With Majestic, Reliance, and American all producing films at a dizzying rate, Freuler began to think about a Milwaukee showplace in which to present them, so they opened the Butterfly theater

In March 1912, John Freuler and Harry Aitken created the Mutual Film Corporation to house their satellite film studios, exchanges, and theaters. Aitken was installed as the first president. The new company's logo featured a winged alarm clock and the legend, "Make Time Fly". At the same time, Aitken used Mutual to acquired Thanhauser Films from another former Milwaukee resident.

In 1913, Aitken made another major acquisition, by luring D.W. Griffith away from Biograph. Even though other studios like Fox, Zukor at Paramount and Laemmle from Universal offered more money, Aitken offered freedom and control.

By 1914, all branches of the Western Film Exchange had been superseded by new Mutual exchanges. Once consolidated, Mutual also acquired Keystone, KayBee and Bison studios.

In 1915, Mutual had offices in 45 cities which in turn supplied the films to over 7,000 theaters. They also opened branch offices in London, Berlin, Rome, and Paris. The foreign offices were overseen by Roy Aitken from the London headquarters.

Problems soon arose however with the conviction of Griffith to make an epic full length feature which had never been done. Griffith held Aitken to his promise of freedom while the heavy cost soon threw Aitken and the board of Mutual into full battles. The board refuse to cover the expenses of a single film that would cost over $100,000 to make and run 120 minutes

Aitken turned to private sources for financing. He obtained money from friends and business acquaintances who invested in the project when Aitken offered his personal guarantee that their money was safe. In this fashion, Aitken raised nearly $100,000. In addition to his reputation, Aitken's personal fortune was on the line. With this funding, Griffith and Aitken formed Epoch Producing Corporation.

Furious at the situation, the Mutual board fired Aitken.

Birth of a Nation, premiered in Los Angeles and was a huge success, even at the astronomical price of $2.00 a ticket. When the film went out on the road with traveling orchestras for extended runs in 20 major cities, the returns were staggering. The New York City engagement alone ran 48 weeks at the Liberty theater on Broadway.

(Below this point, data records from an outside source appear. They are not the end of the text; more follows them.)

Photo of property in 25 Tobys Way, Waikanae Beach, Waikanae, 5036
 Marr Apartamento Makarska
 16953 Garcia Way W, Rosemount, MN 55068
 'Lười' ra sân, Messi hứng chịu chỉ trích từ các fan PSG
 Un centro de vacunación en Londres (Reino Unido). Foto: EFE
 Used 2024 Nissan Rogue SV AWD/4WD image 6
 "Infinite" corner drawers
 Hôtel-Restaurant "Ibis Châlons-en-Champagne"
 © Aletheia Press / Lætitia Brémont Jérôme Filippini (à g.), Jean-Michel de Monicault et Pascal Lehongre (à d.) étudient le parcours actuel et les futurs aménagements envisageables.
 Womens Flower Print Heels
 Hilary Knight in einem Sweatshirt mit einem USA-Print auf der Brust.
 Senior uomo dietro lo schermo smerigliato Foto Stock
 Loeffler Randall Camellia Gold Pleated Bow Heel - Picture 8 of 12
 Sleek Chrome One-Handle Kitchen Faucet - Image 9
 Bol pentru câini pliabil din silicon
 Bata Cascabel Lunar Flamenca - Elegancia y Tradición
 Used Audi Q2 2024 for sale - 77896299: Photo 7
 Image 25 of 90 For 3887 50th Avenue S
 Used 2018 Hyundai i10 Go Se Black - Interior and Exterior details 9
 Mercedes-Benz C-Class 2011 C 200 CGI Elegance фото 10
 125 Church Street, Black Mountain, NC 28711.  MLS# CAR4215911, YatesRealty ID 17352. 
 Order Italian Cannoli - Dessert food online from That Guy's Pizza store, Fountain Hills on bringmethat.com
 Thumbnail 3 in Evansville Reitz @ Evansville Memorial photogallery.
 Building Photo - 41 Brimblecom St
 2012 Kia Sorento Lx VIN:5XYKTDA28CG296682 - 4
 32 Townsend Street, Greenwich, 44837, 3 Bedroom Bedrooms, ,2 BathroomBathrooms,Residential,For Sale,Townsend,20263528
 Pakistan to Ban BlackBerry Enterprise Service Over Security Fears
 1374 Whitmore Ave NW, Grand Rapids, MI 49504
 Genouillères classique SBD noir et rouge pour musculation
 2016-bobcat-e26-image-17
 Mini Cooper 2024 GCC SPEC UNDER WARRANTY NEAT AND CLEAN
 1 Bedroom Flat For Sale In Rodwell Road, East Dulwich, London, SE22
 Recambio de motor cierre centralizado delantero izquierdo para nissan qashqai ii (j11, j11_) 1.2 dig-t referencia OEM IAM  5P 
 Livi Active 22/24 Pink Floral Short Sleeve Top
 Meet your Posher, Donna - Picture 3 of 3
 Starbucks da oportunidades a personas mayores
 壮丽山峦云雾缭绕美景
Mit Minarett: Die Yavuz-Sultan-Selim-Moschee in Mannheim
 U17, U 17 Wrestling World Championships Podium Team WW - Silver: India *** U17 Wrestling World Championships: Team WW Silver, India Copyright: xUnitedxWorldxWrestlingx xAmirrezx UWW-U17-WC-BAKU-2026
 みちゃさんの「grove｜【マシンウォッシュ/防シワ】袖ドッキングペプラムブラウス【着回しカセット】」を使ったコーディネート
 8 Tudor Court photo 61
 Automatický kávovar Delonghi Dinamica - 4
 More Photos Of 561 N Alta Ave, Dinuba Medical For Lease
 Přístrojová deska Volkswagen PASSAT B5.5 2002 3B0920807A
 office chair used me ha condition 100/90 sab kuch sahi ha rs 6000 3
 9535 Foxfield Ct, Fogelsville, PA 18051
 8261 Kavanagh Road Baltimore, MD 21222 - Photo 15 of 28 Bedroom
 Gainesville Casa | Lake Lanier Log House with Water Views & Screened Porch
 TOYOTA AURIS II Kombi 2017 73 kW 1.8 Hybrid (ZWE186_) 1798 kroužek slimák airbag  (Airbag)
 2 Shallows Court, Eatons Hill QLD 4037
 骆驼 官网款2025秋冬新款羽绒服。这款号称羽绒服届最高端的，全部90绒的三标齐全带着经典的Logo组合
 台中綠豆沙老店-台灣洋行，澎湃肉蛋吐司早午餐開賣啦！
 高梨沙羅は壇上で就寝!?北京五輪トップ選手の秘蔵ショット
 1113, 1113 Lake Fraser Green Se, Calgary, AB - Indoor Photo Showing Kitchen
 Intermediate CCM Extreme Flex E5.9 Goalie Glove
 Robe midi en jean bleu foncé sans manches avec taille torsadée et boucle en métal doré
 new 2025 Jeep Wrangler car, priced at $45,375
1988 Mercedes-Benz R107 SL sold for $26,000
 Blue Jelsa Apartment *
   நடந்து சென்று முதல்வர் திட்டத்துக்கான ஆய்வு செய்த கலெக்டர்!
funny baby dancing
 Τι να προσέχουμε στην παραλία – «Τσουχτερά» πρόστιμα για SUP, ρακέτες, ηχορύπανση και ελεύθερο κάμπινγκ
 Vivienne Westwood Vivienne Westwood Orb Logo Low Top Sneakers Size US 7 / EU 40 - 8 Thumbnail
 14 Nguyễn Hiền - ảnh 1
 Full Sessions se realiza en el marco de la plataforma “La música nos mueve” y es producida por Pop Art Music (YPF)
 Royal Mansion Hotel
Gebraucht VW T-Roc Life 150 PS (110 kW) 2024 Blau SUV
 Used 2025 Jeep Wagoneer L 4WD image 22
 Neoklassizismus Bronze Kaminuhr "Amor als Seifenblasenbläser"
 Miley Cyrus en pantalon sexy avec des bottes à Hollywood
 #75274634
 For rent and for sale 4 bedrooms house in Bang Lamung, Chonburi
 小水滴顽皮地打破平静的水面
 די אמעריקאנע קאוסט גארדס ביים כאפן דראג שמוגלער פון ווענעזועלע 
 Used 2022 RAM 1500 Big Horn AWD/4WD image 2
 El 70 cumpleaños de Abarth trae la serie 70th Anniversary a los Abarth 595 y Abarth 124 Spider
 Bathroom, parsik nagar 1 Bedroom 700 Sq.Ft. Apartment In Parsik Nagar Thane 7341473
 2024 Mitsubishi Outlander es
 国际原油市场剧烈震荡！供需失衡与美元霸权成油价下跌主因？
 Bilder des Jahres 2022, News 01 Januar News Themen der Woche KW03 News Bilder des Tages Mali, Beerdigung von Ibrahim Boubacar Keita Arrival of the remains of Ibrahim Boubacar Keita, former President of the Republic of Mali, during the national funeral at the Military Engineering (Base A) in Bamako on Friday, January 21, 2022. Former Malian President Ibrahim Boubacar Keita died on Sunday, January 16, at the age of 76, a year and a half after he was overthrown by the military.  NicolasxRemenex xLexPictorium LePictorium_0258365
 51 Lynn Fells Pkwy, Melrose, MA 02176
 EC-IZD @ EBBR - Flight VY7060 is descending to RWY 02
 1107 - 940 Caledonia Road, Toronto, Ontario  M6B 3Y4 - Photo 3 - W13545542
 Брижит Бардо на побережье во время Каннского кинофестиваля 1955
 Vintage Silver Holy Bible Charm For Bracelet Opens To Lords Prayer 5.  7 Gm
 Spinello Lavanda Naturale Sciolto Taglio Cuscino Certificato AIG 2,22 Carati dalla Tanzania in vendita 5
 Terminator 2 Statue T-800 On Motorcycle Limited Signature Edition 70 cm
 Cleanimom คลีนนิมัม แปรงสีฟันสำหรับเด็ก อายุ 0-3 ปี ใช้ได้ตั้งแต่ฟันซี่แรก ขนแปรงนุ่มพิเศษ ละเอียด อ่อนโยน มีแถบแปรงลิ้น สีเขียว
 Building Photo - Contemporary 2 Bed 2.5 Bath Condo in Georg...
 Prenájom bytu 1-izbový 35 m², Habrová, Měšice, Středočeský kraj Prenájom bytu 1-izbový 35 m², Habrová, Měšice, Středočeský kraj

Griffith was being lavished with praises and Harry Aitken was riding high on the biggest gamble of his life.

Aitken accumulated a personal fortune from The Birth of a Nation. He then organized the illustrious Triangle Pictures Corporation. Triangle was envisioned as a prestige studio based on the producing abilities of ace filmmakers D. W. Griffith, Thomas Ince, and Mack Sennett. Aitken offered smaller partnerships in Triangle to Adam Kessel and Charles Baumann, producers of the Kay Bee films. In one swift stroke, Aitken crippled Mutual by taking their top directors and over half of their major film-producing companies.

Triangle launched itself with Griffith's film Intolerance. Aitken was in big trouble; Intolerance was a colossal flop. Cash became tight, payrolls were missed, and stars began departing for other studios at a record rate. One by one, Griffith, Ince, and Sennett also left the company. The final blow came when Triangle's Culver City studios were sold for 10 cents on the dollar. The triangle-shaped Culver City lot was sold to Goldwyn Pictures, later to become the home of Metro-Goldwyn-Mayer.

With his limited remaining resources, Harry Aitken was able to buy back some of his old films. These he took back to his home in Waukesha, Wisconsin, where he resided until his death in 1956.